The Falcons (7-5) have their own productive pairing. Devonta Freeman, the league's highest-paid back, and Tevin Coleman had combined for more than 1,500 yards running and receiving, along with 12 touchdowns.
"Both teams have two really good running backs who like to get after it," Falcons coach Dan Quinn said. "If you like running backs, it's your kind of game."
The Saints claimed sole possession of the division lead with a victory over Carolina (8-4) last weekend, and they're two games in front of the Falcons.
Atlanta desperately needs a win to have a realistic shot at a second straight NFC South title.
Other things to watch for in the prime-time game at Mercedes-Benz Stadium:
CROWD NOISE: The Falcons haven't had much of a home-field advantage in their first season at $1.5 billion Mercedes-Benz Stadium, going 3-3 so far. Most troubling, the fans don't seem to be nearly as loud as they were at the team's previous home, the Georgia Dome.
There are noticeable chunks of empty seats throughout games, and much of the crowd seems to be spending its time gawking at the shiny new digs rather than cheering on the Falcons.
"We've built a billion-dollar house, and we need to throw a billion-dollar party," Quinn said. "I think sometimes we're still using the coasters. We need to be as loud and fun as all we represent as a city."
Quinn even tweeted out a form letter for fans to use if they needed an excuse to report late for work Friday.
COVERAGE CONCERNS: The Saints' secondary is getting healthier, which is good news as they prepare to face Matt Ryan, Julio Jones & Co. CB Ken Crawley returned from an abdomen injury and played well last Sunday in a victory over Carolina.
Top draft choice Marshon Lattimore is trying to come back from an ankle injury.

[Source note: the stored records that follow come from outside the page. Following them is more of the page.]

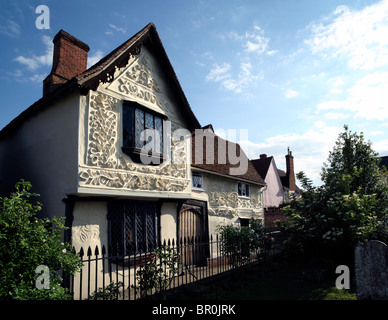 Midsummer evening sunlight highlights pargeting on the Ancient House, Clare, Suffolk. Stock Photo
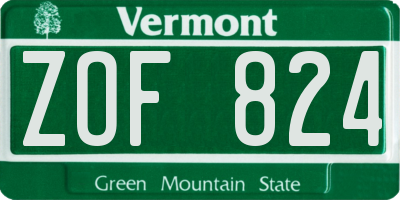 VT license plate ZOF824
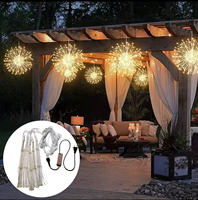 Guirlandes lumineuses LED en forme de feux d'artifice, lumières suspendues en forme d'étoile, blanc chaud, décoration de jardin, patio, mariage, fête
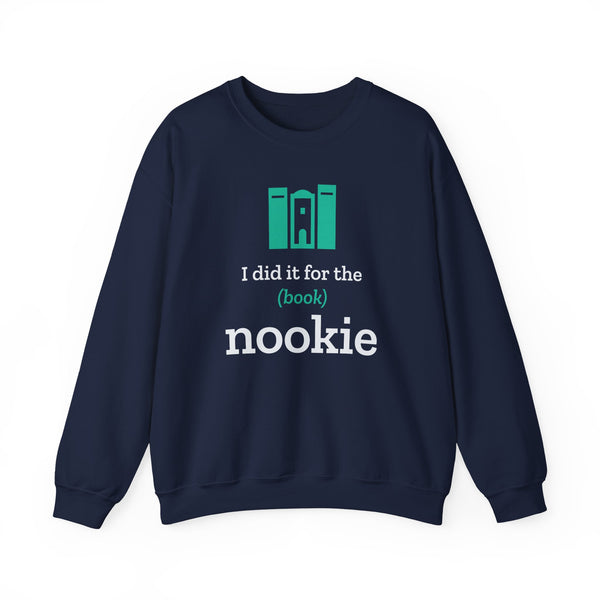 Nook & Things I Did It for the (Book) Nookie crewneck sweatshirt in navy, front view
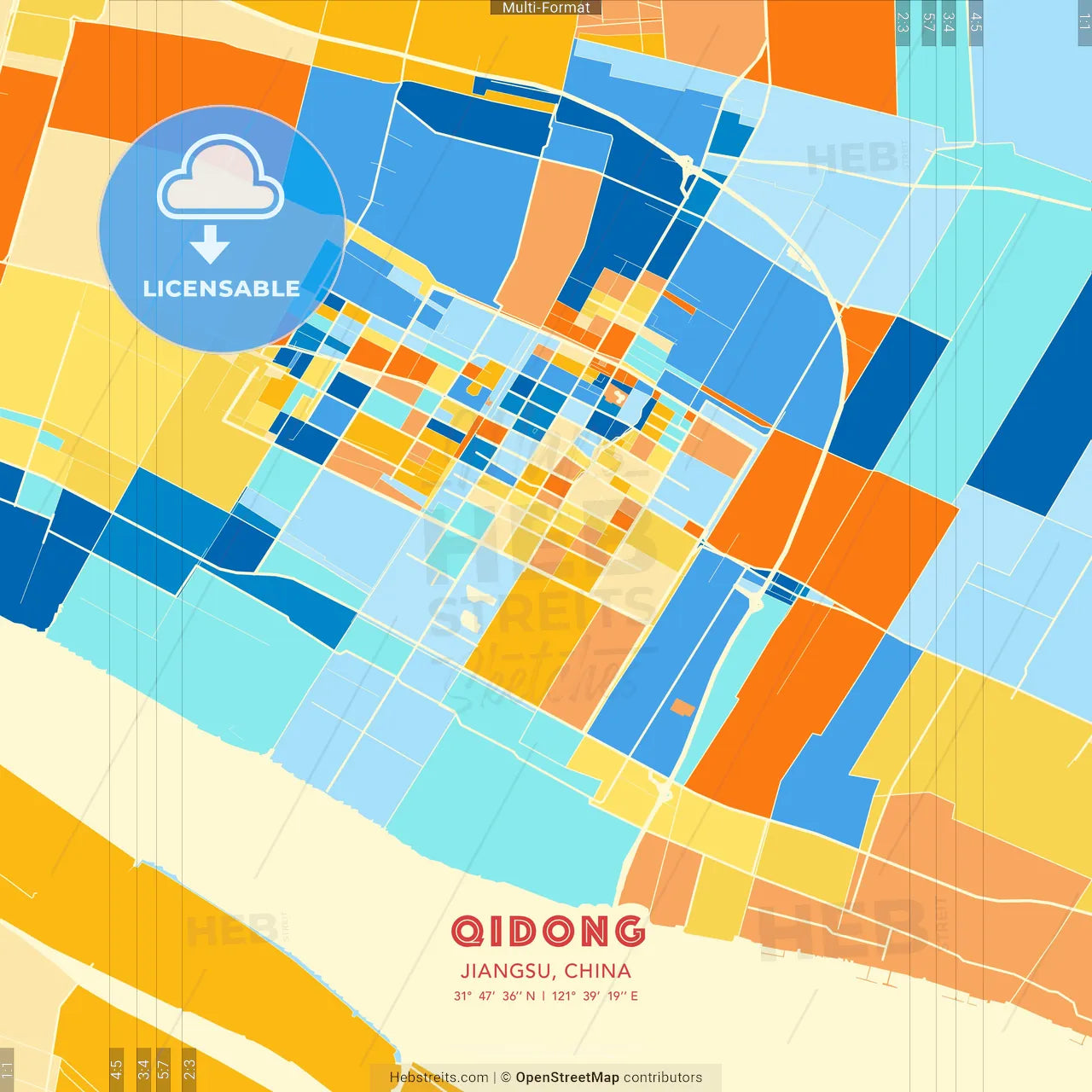 Qidong, Jiangsu, China blue and orange vector art map template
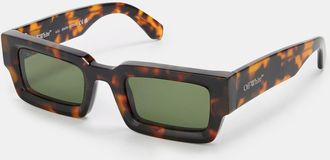 Off-white Mens Accessories Off White Lecce Rectangle Full Rim Sunglasses in Havana/Green - One Size
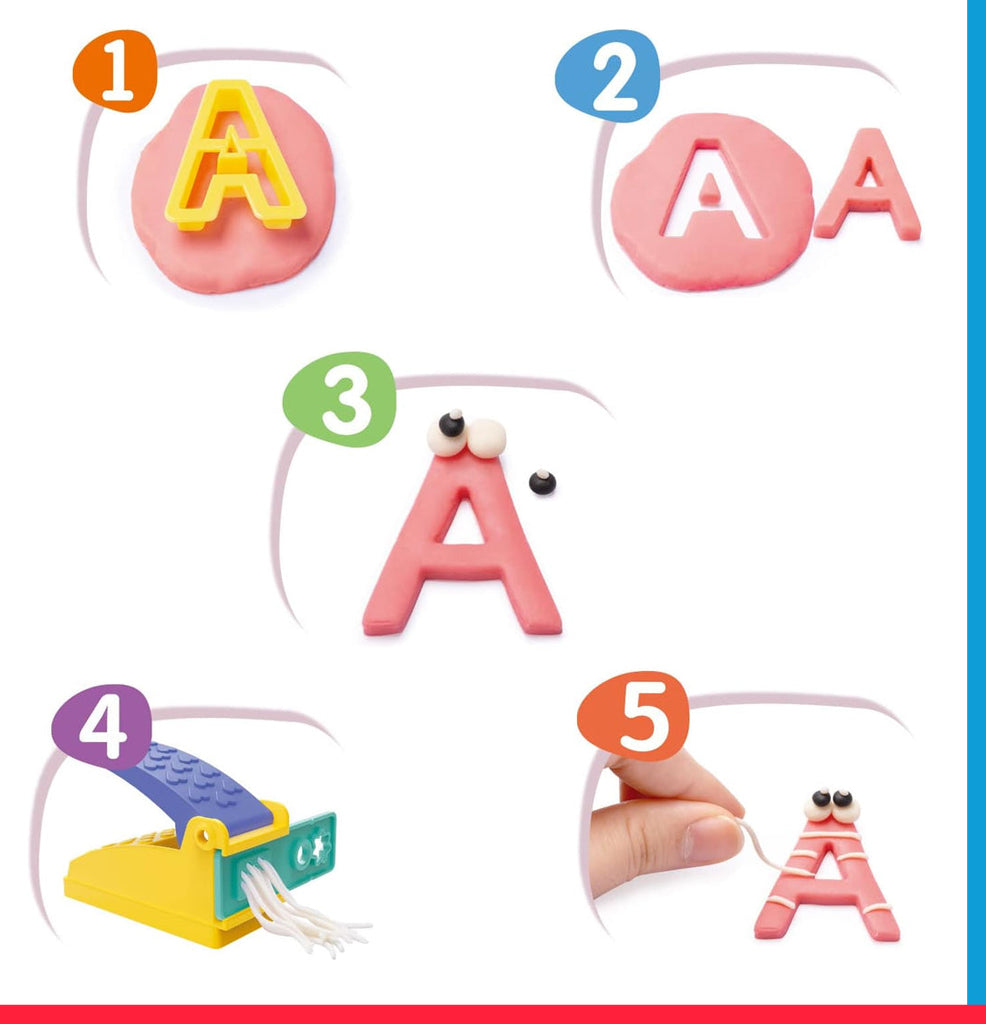 Alphabet Dough Tools Cutter Shape and Learn Letters and Language Dough Tools for Kids [PD]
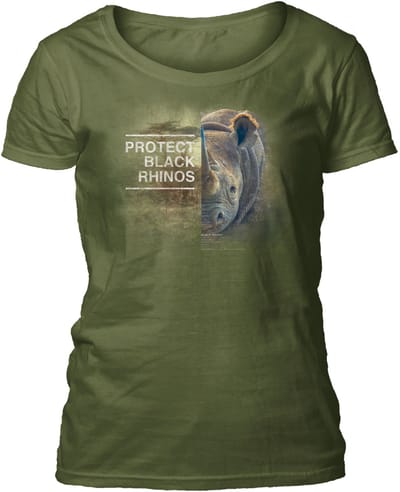 Ladies T-shirt Protect Rhino Green M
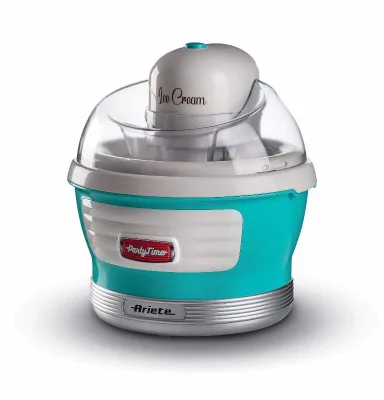 Ariete Ice Cream Maker Party Time Gelatiera 12W Cestello Refrigerante Doppio Isolamento Capacita' 1.5 l Celeste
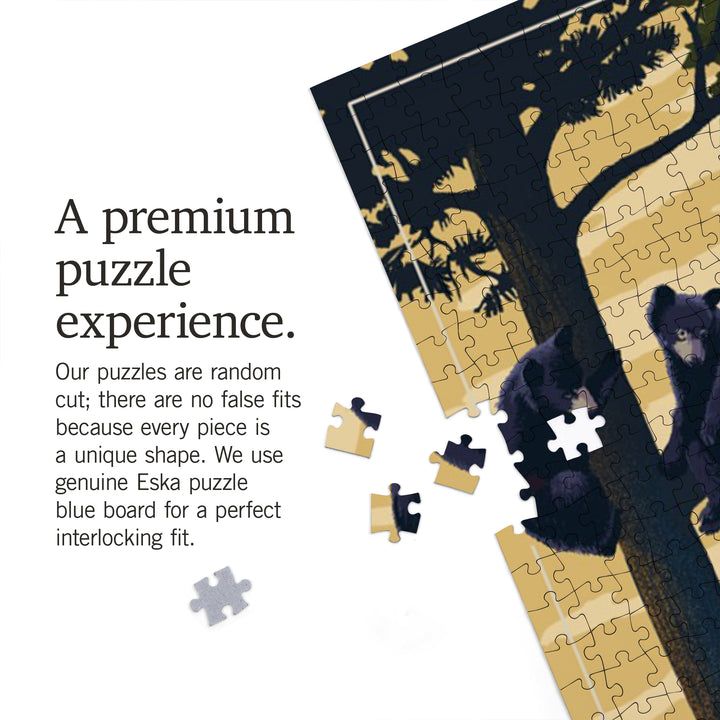 Lake Tahoe, California, Black Bears, Lithograph, Jigsaw Puzzle Puzzle Lantern Press 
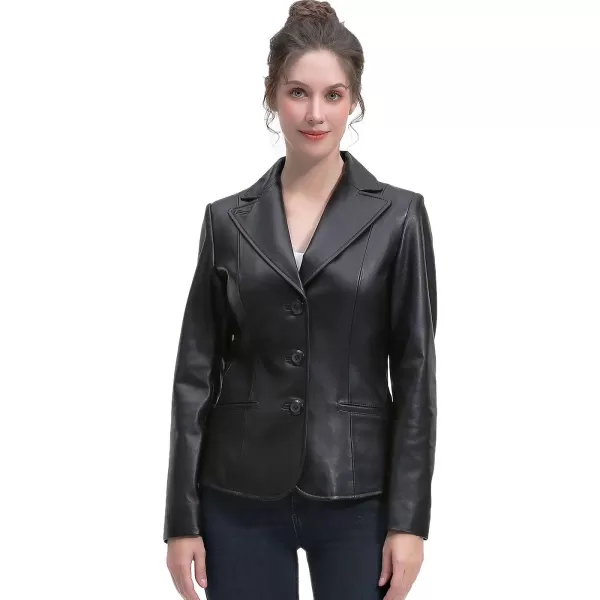 BGSD Women New Zealand Lambskin Leather Blazer Jacket Regular amp Plus Size amp PetiteBlack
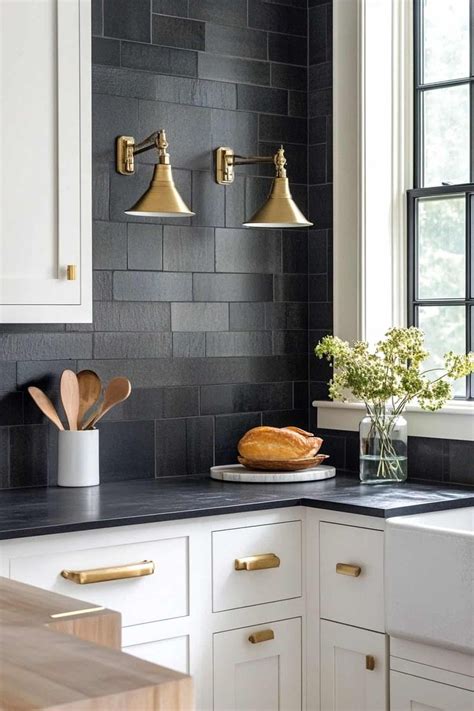 Matte Black Tile Farmhouse Kitchen Backsplash Ideas For A Modern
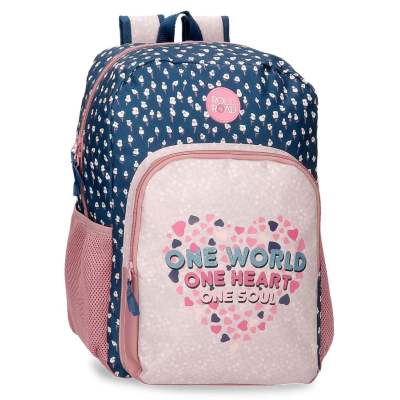 Mochila azul escuro e rosa com bolsos e texto decorativo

Coach Sean Payton said his defensive backs are facing an "extremely difficult" challenge that goes beyond Jones.
He also pointed to Mohamed Sanu, Taylor Gabriel and tight end Austin Hooper as players to keep an eye on, not to mention Freeman and Coleman out of the backfield.
"This is a team and it's just built differently and is very explosive outside and we're going to have to be on point," Payton said.
SOMETHING TO PROVE: The Falcons' offense is eager to make up for a dismal showing last week against Minnesota. In a 14-9 loss, Atlanta failed to score a touchdown for the first time in nearly two seasons — a major embarrassment to a team that led the league in scoring a year ago and has so many weapons.
The Falcons had huge problems on third down, converting only 1 of 10 largely because they kept putting themselves in deep holes on first and second down.
"We've got to find ways to score touchdowns," said Jones, who was held to two catches for 24 yards by the Vikings. "We're better than this. We've got to come together and make plays."
UNBURDENED BREES: With all the help he's getting from the running game, Brees is playing some of the most efficient football of his career. He has completed an NFL-best 71.5 percent of his passes for 3,298 yards and 17 TDs with just five interceptions. When he hasn't been gashing defenses with screens to Kamara and Ingram, he's been hitting Michael Thomas and Ted Ginn Jr. downfield. Thomas has a team-leading 75 catches for 875 yards and three TDs.
HANDS UP: Mindful of how quickly quarterbacks, including Ryan, unload passes these days, the Saints have been working on batting balls down at the line of scrimmage. The front four has accounted for 16 passes defended this season, including six by DE Cam Jordan. "When you go against a guy like Matt Ryan," Jordan said, "you're aware of his releases. You play him two times a year, seven years in. This will be my 13th time playing him."